Increased seismic activity detected around Ngauruhoe volcano, New Zealand Seismic activity around Ngauruhoe, the highest peak of the Tongariro volcanic center, has increased above the typical background level,
indicating minor volcanic unrest, GNS Science reports. The agency has raised the Volcanic Alert Level to level 1 (minor volcanic unrest) from 0 (no volcanic unrest). The last significant eruption at Ngauruhoe was in 1975. ​ During the last two to three weeks there has been an increase in the number and magnitude of earthquakes being recorded by the GeoNet seismographs around Mount Ngauruhoe. Initial analysis indicates these earthquakes are shallow, occurring at depths of less than about 5 km. GNS Science duty volcanologist Art Jolly writes: "Earthquakes are not unusual near Ngauruhoe, but it is some time since we last recorded significant numbers or events above magnitude 1. Similar numbers, but smaller events occurred in December 2014. Other swarms of earthquakes near Ngauruhoe occurred in 1983, 1991, 1994, 1995 and again between 2006 and 2010, but otherwise Ngauruhoe usually has little earthquake activity. The Volcanic Alert Level was raised to Level 1 in June 2006 and then lowered to Level 0 in December 2008 in response to the earthquake activity at that time.
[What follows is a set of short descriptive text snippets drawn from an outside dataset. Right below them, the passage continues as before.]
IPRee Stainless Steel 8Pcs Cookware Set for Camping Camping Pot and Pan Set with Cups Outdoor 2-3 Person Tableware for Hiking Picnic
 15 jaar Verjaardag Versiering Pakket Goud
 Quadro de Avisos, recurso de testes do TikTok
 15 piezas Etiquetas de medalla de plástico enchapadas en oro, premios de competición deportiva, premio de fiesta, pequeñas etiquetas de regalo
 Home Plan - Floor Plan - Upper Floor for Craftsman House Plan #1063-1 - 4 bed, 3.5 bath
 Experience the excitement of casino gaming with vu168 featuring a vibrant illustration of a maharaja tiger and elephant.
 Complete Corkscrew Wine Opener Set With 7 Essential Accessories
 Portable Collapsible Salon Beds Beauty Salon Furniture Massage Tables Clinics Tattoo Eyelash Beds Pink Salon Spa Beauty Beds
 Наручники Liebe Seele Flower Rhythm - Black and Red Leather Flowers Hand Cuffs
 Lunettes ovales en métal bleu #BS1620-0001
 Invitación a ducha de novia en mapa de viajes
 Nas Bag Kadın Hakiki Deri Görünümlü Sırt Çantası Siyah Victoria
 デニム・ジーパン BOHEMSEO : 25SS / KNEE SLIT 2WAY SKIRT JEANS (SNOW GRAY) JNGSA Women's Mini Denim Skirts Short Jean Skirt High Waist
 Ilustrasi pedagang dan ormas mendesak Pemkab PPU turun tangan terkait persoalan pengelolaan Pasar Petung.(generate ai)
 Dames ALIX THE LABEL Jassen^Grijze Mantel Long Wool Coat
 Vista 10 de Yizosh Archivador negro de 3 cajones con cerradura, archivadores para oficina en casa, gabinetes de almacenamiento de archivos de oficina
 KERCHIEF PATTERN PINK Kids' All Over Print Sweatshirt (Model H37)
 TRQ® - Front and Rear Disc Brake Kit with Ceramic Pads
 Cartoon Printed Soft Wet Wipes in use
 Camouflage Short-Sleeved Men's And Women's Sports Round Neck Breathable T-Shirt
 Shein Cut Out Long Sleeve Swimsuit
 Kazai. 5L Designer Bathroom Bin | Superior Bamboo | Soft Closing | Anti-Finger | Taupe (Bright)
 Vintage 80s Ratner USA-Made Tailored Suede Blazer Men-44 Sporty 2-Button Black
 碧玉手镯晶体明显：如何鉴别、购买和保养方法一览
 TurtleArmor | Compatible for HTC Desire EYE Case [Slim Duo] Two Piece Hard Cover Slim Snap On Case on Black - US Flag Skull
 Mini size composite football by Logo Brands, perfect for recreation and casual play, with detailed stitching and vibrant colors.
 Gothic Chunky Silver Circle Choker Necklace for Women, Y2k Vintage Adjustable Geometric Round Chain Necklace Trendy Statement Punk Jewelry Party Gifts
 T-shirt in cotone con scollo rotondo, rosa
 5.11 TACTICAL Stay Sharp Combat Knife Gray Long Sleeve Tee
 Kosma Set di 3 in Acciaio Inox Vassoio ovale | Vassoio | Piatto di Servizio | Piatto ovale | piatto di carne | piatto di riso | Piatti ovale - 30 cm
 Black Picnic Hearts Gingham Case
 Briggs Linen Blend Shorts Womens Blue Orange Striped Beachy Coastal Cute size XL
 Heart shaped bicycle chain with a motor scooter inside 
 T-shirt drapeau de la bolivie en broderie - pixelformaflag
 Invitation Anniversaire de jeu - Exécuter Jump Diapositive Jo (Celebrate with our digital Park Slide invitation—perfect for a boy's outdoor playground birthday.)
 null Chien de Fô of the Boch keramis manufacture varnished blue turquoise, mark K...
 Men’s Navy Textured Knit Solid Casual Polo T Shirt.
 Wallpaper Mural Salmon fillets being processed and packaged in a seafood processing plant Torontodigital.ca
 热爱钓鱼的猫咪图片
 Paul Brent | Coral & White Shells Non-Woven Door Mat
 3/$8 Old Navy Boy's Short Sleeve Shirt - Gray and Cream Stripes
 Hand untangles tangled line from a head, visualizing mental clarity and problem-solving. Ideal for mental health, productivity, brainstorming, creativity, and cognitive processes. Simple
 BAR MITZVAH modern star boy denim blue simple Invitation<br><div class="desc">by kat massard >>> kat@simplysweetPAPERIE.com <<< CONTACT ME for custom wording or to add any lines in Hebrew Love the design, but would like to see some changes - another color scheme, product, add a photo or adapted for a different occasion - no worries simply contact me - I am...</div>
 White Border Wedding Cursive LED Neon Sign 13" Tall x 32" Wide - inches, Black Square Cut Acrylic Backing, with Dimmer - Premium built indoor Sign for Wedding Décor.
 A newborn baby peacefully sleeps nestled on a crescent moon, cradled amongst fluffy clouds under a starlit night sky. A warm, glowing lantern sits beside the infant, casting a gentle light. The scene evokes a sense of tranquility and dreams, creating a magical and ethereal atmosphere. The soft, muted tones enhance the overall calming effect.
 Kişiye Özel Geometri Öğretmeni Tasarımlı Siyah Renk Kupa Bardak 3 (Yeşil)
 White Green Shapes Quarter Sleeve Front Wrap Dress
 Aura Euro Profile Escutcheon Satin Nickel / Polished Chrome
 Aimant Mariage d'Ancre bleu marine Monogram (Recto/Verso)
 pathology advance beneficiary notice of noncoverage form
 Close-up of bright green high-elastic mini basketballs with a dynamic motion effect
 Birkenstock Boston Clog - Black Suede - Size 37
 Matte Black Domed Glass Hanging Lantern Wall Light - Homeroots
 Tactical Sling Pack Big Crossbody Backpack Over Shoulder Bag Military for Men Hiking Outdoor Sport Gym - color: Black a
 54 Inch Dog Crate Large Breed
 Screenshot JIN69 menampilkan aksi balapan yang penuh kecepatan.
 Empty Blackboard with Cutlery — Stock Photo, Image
No other parameters we measure at Ngauruhoe (gas, temperature) changed during these times. The current change at Ngauruhoe indicates the volcano has entered a state of volcanic unrest, like we have recorded several times in the last 30 years. No previous periods of unrest have resulted in a volcanic eruption. The outcome of this unrest is more likely than not that there will be no eruption in the short term, like during the 2006-2010 unrest.We continue to monitor Ngauruhoe closely and will release updated information as it is available or necessary." The Volcanic Alert Level ranges from 0 to 5 and defines the current status at a volcano. The Aviation Colour Code for Ngauruhoe is Green. Aviation Colour Codes are based on four colours and are intended for reference only in the international civil aviation community.